Создавались сатирические циклы, сатирические повести, сатирические романы. Многократно переиздавался, не покрывая спроса, роман Эренбурга «Хулио Хуренито». Все решительней обращался к сатире Маяковский, и, словно вторя его «Прозаседавшимся», наступал на бюрократизм Булгаков в повести «Дьяволиада».
Сатира развивалась бурно, сложно и противоречиво. С политической прямотой звучали сатирические стихи Демьяна Бедного. А сатира Булгакова требовала размышлений, чтобы дошел ее патриотический смысл. Активно обличал мещанство Зощенко. Но, ненавидевший мещанскую тупость, стяжательство, душный и, казалось ему тогда, всесильный мирок обывательщины, он все еще не видел четких границ этого мирка. Порою ему казалось, что обывательская мерзость проникает повсюду, проглядывает в обычных, так называемых хороших людях, что она слишком живуча и даже очистительный огонь революции не выжжет ее раньше, чем через триста лет («О чем пел соловей»).
Читатели жадно тянулись к сатире. Критика пугалась. Эренбург смущал ее нигилизмом своего Хулио. Зощенко — скепсисом. Булгаков — тем, что в советскую действительность переносил образы бессмертного Гоголя. Ошеломлял Маяковский.
«Сатира нам не нужна. Она вредна рабоче-крестьянской государственности!» — вещал критик Владимир Блюм и упорно нес свой тезис, как знамя, вплоть до 1930 г. Но ни самого Блюма, ни его лозунг не принимали всерьез. Сатира влекла литературную молодежь. Она обещала простор для творчества, будила мысль и требовала знания жизни.
Атмосфера сатирического творчества окружала Ильфа и Петрова в «Гудке». Их товарищи один за другим выходили в большую литературу. Шумный успех выпал на долю сатирической повести В. Катаева «Растратчики».
Приходил тщательно одетый (галстук — бабочкой) Булгаков: из редакции он направлялся во МХАТ на репетиции своей пьесы. Появлялся Бабель. С Ильфом он был дружен еще в Одессе. А теперь вышли «Конармия», «Одесские рассказы»… В обращении Ильфа и Петрова к жанру сатирического романа не было чуда.

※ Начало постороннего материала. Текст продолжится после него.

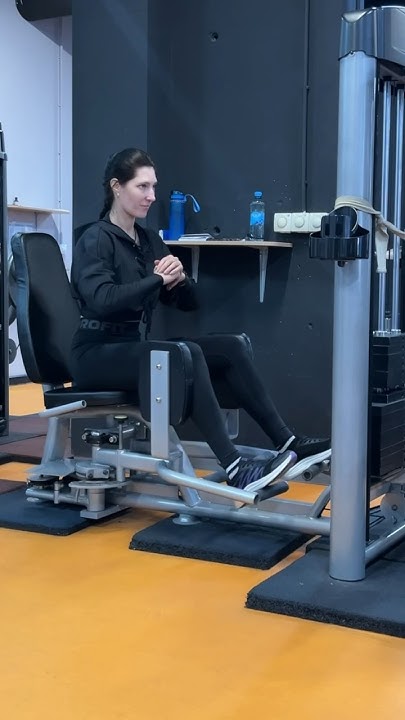 Тренажер на отведение бедра в сторону - YouTube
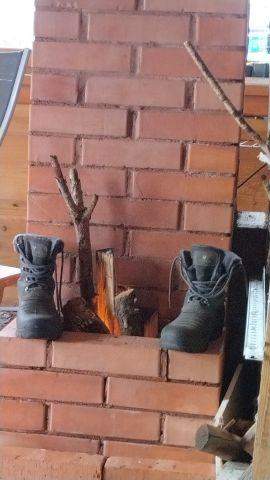 buty suszą się na piecu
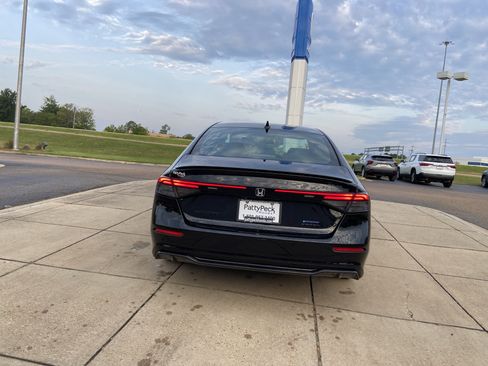 New 2026 Honda Accord Sport image 9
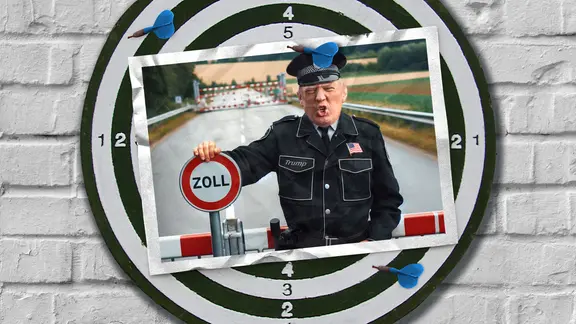 Eine Fotomontage zeigt eine Postkarte auf einer Dartscheibe. Die Postkarte zeigt Donald Trump als Zöllner, der hinter einer geschlossenen Schranke steht und ein Schild in der Hand hält, auf dem ZOLL steht.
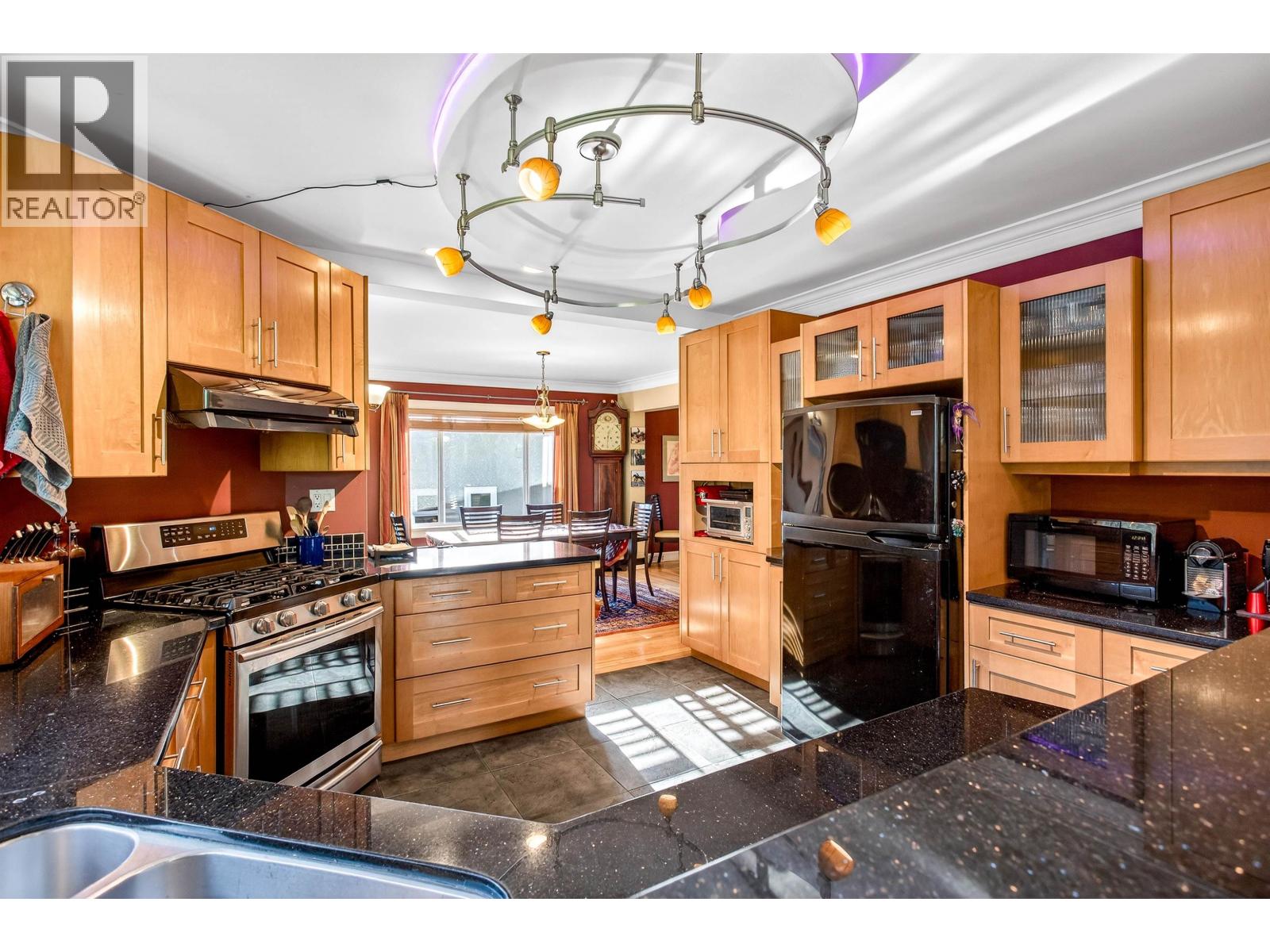 2050 Sperling Avenue, Burnaby, British Columbia  V5B 4K5 - Photo 16 - R3072091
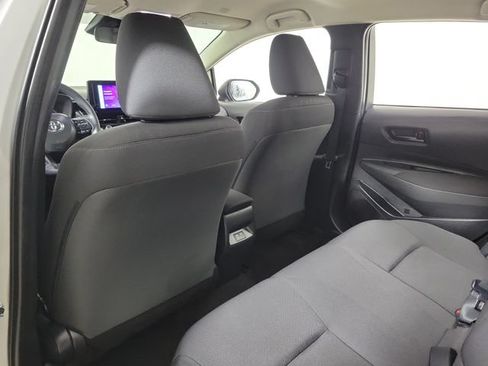 Used 2023 Toyota Corolla LE FWD image 11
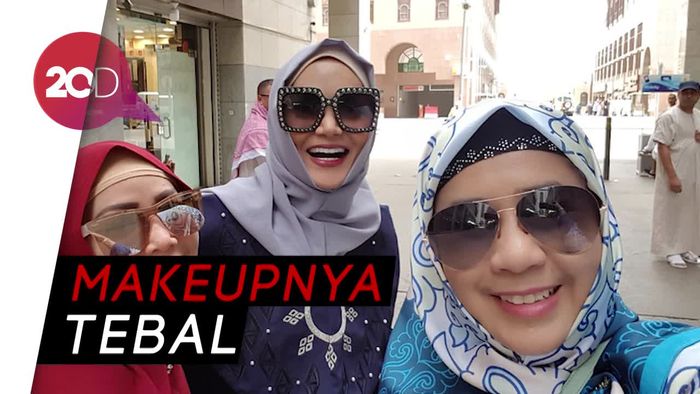 Duh! Krisdayanti Banyak Dikritik Netizen saat Umrah
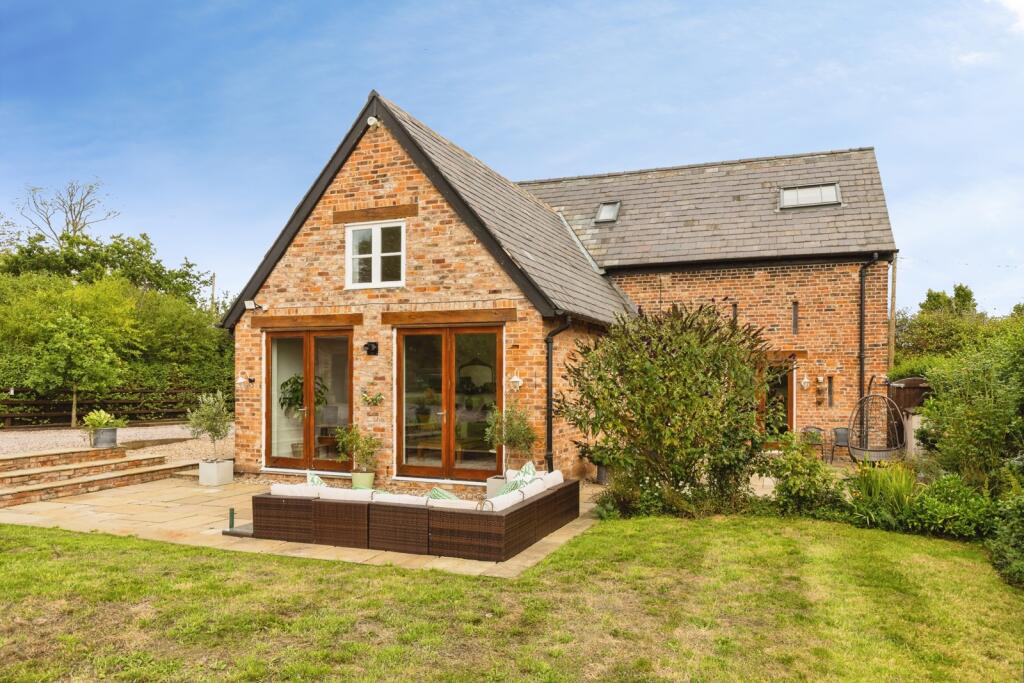 House in Llandudno, Holt - More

Много позже, уже после смерти Ильфа, Е. Петров писал В. Беляеву: «Нужно каждое утро просыпаться с мыслью, что ты ничего не сделал, что есть на свете Флобер и Толстой, Гоголь и Диккенс. Самое главное — это помнить о необычайно высоком уровне мировой литературы и не делать самому себе скидок на молодость, на плохое образование, на „славу“ П. и на низкий литературный вкус большинства критиков».
Эта высокая требовательность к себе характерна для всего творческого пути Ильфа и Петрова. От себя, молодых журналистов, чьи романы с трудом пробивались в «полутолстый» журнал, они требовали равнения на величайшие образцы мировой литературы, равнения на Толстого и Гоголя, Диккенса и Флобера. Очень скромные, они в то же время уважали свой талант и, может быть, догадывались о незаурядном размахе своих возможностей.
И все-таки на первых порах, в те дни, когда они лишь начали работу над романом, они равнялись не на Гоголя и не на Рабле. Своего рода первоначальным образцом для «Двенадцати стульев», романа, вошедшего в мировую литературу, послужила повесть В. Катаева «Растратчики».
В самой специфике талантов братьев Катаевых — Валентина Катаева и Евгения Петрова — тогда было много общего. Достаточно сравнить катаевскую комедию «Квадратура круга» (1928) и рассказ Евгения Петрова «Семейное счастье» (около 1927): не только сюжет, мысль, характеристики персонажей, но, главное, юмор обоих произведений так близки, словно это один автор выступил в двух жанрах. И позже Катаев сотрудничал с Ильфом и Петровым (в работе над комедиями «Под куполом цирка» и «Богатая невеста»).